◆ **ABOUT THIS EXERCISE**
For the listing below, output exactly the lines from the line with "Cartes Pour Fêtes" up to and including the line with "Tissot Prx Powermatic", and no other lines.
[[ DATA, beginning ]]
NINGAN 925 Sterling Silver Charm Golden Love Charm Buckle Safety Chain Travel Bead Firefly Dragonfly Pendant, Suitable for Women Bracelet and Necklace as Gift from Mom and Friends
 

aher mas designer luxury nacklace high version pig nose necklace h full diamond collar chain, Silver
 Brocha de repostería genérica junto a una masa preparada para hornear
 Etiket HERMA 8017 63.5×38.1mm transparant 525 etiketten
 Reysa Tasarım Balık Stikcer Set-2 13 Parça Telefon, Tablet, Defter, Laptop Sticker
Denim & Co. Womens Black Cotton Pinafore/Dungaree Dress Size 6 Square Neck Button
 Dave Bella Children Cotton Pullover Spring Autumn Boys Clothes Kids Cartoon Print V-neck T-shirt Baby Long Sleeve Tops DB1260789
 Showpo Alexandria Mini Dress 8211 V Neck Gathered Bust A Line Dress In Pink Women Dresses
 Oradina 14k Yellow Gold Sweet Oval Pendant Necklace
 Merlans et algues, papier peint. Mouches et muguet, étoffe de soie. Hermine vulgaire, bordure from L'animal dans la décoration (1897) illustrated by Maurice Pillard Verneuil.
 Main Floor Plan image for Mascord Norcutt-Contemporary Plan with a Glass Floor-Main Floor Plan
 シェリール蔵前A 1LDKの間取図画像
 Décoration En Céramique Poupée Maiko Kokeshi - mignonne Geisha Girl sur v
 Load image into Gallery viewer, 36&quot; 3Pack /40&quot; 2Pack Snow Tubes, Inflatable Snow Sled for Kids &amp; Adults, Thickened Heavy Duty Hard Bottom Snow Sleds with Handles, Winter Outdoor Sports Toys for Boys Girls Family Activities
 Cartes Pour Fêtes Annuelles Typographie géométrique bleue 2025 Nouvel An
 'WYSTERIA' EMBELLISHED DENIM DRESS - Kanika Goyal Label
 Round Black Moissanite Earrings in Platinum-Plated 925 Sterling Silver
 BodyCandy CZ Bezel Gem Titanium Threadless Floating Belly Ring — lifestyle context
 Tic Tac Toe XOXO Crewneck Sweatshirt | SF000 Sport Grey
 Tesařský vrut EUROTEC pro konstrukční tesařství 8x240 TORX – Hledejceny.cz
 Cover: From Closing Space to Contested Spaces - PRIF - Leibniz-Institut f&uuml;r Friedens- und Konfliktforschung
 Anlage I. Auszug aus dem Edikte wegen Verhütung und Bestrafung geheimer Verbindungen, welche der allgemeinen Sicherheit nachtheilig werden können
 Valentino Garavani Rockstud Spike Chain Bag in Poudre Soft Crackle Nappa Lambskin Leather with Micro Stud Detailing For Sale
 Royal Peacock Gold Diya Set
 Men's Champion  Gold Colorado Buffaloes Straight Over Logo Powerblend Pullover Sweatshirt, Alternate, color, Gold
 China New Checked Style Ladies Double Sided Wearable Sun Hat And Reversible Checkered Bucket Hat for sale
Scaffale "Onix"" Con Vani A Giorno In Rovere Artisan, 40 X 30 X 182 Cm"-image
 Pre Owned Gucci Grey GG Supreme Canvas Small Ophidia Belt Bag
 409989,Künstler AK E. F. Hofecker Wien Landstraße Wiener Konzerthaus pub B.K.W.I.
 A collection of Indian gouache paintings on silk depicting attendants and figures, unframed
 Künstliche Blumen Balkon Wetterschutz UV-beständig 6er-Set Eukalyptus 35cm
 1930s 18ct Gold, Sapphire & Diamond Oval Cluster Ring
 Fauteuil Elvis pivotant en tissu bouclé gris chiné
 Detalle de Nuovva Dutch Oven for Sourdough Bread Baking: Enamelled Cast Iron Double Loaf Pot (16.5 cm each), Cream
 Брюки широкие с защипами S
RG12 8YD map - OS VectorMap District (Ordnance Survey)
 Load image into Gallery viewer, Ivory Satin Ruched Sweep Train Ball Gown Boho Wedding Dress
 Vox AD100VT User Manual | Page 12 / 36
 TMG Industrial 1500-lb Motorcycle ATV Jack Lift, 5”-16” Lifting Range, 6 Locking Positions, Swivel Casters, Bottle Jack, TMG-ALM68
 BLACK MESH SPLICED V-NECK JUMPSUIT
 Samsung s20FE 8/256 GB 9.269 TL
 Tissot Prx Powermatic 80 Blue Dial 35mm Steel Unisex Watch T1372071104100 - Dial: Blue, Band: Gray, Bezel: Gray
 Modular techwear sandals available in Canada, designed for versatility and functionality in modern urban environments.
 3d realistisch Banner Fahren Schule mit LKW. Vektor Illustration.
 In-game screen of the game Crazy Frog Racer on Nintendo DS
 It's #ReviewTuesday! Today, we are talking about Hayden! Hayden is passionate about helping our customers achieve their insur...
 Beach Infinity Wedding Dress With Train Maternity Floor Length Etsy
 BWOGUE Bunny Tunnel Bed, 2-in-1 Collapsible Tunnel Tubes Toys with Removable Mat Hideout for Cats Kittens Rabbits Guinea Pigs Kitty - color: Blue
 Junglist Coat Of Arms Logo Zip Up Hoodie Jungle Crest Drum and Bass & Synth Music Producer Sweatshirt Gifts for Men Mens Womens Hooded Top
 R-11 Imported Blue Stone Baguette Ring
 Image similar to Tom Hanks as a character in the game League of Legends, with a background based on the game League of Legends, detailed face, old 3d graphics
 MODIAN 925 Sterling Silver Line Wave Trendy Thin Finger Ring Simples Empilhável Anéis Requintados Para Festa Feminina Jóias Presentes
[[ DATA, end ]]
◆ **TASK SOLUTION**
 Cartes Pour Fêtes Annuelles Typographie géométrique bleue 2025 Nouvel An
 'WYSTERIA' EMBELLISHED DENIM DRESS - Kanika Goyal Label
 Round Black Moissanite Earrings in Platinum-Plated 925 Sterling Silver
 BodyCandy CZ Bezel Gem Titanium Threadless Floating Belly Ring — lifestyle context
 Tic Tac Toe XOXO Crewneck Sweatshirt | SF000 Sport Grey
 Tesařský vrut EUROTEC pro konstrukční tesařství 8x240 TORX – Hledejceny.cz
 Cover: From Closing Space to Contested Spaces - PRIF - Leibniz-Institut f&uuml;r Friedens- und Konfliktforschung
 Anlage I. Auszug aus dem Edikte wegen Verhütung und Bestrafung geheimer Verbindungen, welche der allgemeinen Sicherheit nachtheilig werden können
 Valentino Garavani Rockstud Spike Chain Bag in Poudre Soft Crackle Nappa Lambskin Leather with Micro Stud Detailing For Sale
 Royal Peacock Gold Diya Set
 Men's Champion  Gold Colorado Buffaloes Straight Over Logo Powerblend Pullover Sweatshirt, Alternate, color, Gold
 China New Checked Style Ladies Double Sided Wearable Sun Hat And Reversible Checkered Bucket Hat for sale
Scaffale "Onix"" Con Vani A Giorno In Rovere Artisan, 40 X 30 X 182 Cm"-image
 Pre Owned Gucci Grey GG Supreme Canvas Small Ophidia Belt Bag
 409989,Künstler AK E. F. Hofecker Wien Landstraße Wiener Konzerthaus pub B.K.W.I.
 A collection of Indian gouache paintings on silk depicting attendants and figures, unframed
 Künstliche Blumen Balkon Wetterschutz UV-beständig 6er-Set Eukalyptus 35cm
 1930s 18ct Gold, Sapphire & Diamond Oval Cluster Ring
 Fauteuil Elvis pivotant en tissu bouclé gris chiné
 Detalle de Nuovva Dutch Oven for Sourdough Bread Baking: Enamelled Cast Iron Double Loaf Pot (16.5 cm each), Cream
 Брюки широкие с защипами S
RG12 8YD map - OS VectorMap District (Ordnance Survey)
 Load image into Gallery viewer, Ivory Satin Ruched Sweep Train Ball Gown Boho Wedding Dress
 Vox AD100VT User Manual | Page 12 / 36
 TMG Industrial 1500-lb Motorcycle ATV Jack Lift, 5”-16” Lifting Range, 6 Locking Positions, Swivel Casters, Bottle Jack, TMG-ALM68
 BLACK MESH SPLICED V-NECK JUMPSUIT
 Samsung s20FE 8/256 GB 9.269 TL
 Tissot Prx Powermatic 80 Blue Dial 35mm Steel Unisex Watch T1372071104100 - Dial: Blue, Band: Gray, Bezel: Gray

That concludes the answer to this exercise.